The Chinzanso has the most illustrious history of any hotel in Tokyo. The land and garden were painted by Hiroshige in the 17th century and owned by an elder statesman around the turn of the 19th century then subsequently developed as a free-standing hotel. The garden is without doubt one of the finest in Tokyo with well-tended trees, a three-story pagoda, a traditional tea house and manicured paths that meander around the central pond – all in all, a sublime environment, which is arguably at its best during cherry blossom season. The Kanda River is also just a few mere steps away, and is especially scenic during the summer months, when fire flies come out to cast their romantic glow around.
The garden is by no means the only highlight of the property. It impresses on arrival with a beautifully curated lobby with lounge sofas, chandeliers and artworks that look as if they have been transported from a penthouse in Europe.

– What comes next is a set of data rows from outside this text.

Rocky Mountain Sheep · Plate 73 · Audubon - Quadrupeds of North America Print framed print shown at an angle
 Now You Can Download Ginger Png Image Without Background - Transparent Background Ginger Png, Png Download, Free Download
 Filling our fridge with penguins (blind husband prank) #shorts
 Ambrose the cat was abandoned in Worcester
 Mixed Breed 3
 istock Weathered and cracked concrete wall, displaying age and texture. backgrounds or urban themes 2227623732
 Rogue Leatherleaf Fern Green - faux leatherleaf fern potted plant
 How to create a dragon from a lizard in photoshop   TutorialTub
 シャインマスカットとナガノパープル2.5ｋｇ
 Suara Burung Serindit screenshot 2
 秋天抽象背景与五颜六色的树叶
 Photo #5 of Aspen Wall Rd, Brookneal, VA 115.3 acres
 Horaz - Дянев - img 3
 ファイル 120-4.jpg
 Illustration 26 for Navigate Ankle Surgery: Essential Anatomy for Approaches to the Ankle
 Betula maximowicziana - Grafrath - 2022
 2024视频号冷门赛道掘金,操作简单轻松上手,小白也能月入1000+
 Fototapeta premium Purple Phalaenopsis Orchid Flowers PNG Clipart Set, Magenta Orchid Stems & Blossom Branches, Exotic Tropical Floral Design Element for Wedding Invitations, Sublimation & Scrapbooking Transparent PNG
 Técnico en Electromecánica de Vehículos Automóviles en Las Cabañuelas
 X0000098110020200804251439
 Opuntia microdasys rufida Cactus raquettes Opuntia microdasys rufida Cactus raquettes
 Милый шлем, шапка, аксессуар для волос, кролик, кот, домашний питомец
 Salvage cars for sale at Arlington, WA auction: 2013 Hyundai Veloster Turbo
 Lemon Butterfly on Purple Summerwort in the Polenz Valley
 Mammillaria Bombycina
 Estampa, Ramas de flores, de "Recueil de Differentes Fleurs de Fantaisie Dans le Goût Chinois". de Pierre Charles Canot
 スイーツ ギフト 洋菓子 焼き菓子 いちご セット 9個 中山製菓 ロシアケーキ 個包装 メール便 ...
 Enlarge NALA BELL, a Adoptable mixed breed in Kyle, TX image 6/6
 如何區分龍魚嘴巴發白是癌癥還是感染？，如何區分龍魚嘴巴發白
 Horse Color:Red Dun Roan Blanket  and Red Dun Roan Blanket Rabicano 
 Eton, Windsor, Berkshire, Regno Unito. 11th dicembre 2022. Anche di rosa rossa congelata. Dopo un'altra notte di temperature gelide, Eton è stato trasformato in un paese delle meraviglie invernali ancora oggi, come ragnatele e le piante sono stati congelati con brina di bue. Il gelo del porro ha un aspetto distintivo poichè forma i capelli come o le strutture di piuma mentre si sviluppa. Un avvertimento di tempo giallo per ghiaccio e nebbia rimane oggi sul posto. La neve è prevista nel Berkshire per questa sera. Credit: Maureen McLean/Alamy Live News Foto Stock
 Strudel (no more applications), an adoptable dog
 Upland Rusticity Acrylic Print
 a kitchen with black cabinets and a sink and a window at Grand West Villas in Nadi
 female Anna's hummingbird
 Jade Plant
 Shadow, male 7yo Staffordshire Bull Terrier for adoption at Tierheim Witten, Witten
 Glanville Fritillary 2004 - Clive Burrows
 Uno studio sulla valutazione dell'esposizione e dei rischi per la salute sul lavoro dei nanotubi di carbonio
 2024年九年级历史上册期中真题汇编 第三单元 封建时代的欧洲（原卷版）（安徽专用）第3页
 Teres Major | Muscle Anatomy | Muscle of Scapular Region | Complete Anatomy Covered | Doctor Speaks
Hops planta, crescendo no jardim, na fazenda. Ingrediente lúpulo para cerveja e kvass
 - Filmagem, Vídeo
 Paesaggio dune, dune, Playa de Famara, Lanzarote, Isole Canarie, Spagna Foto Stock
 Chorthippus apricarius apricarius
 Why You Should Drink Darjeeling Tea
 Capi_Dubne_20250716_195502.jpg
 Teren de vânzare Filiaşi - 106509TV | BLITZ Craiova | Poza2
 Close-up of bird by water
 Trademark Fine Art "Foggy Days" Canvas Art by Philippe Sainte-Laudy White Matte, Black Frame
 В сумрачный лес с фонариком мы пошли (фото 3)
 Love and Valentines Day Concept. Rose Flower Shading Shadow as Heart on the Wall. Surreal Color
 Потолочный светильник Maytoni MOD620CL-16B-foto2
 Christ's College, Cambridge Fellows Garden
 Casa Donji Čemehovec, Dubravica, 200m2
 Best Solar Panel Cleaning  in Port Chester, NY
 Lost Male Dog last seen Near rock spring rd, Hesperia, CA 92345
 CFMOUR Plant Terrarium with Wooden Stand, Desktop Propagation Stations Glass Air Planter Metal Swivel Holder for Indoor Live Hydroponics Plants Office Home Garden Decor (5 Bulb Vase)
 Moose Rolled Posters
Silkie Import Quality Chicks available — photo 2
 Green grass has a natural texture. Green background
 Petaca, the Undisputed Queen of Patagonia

This style was very much in vogue after the war and is still appreciated by the largely Japanese clientele. This does put it at risk of becoming a museum piece, but the Chinzanso feels fresh, unlike some of the other heritage hotels which feel rather musty and dated now.
The rooms are a delight. King beds with sweeping garden views through floor-to-ceiling windows and some of the most spacious bathrooms of any hotel in Japan are incredibly welcoming – as are the little touches like L'Occitane products and the fresh fruit and English-language newspapers that are provided each morning. While staying here, one can relax in Yu, The Spa - which includes an open-air pool and even a hot spring onsen bath – and use the well-equipped gym.
The Chinzanso boasts half a dozen restaurants with a range of cuisines - French, Italian and Japanese - where guests are bound to dine as the hotel's only disadvantage is its location. It is a taxi or train ride to dining areas such as Shinjuku or Ikebukuro, but this distance does add to the sense of an oasis of luxury that is neither halfway up a skyscraper nor bustling with people like the downtown hotels.
To my mind, the greatest reward and luxury of travel is to be able to experience everyday things as if for the first time, to be in a position in which almost nothing is so familiar it is taken for granted.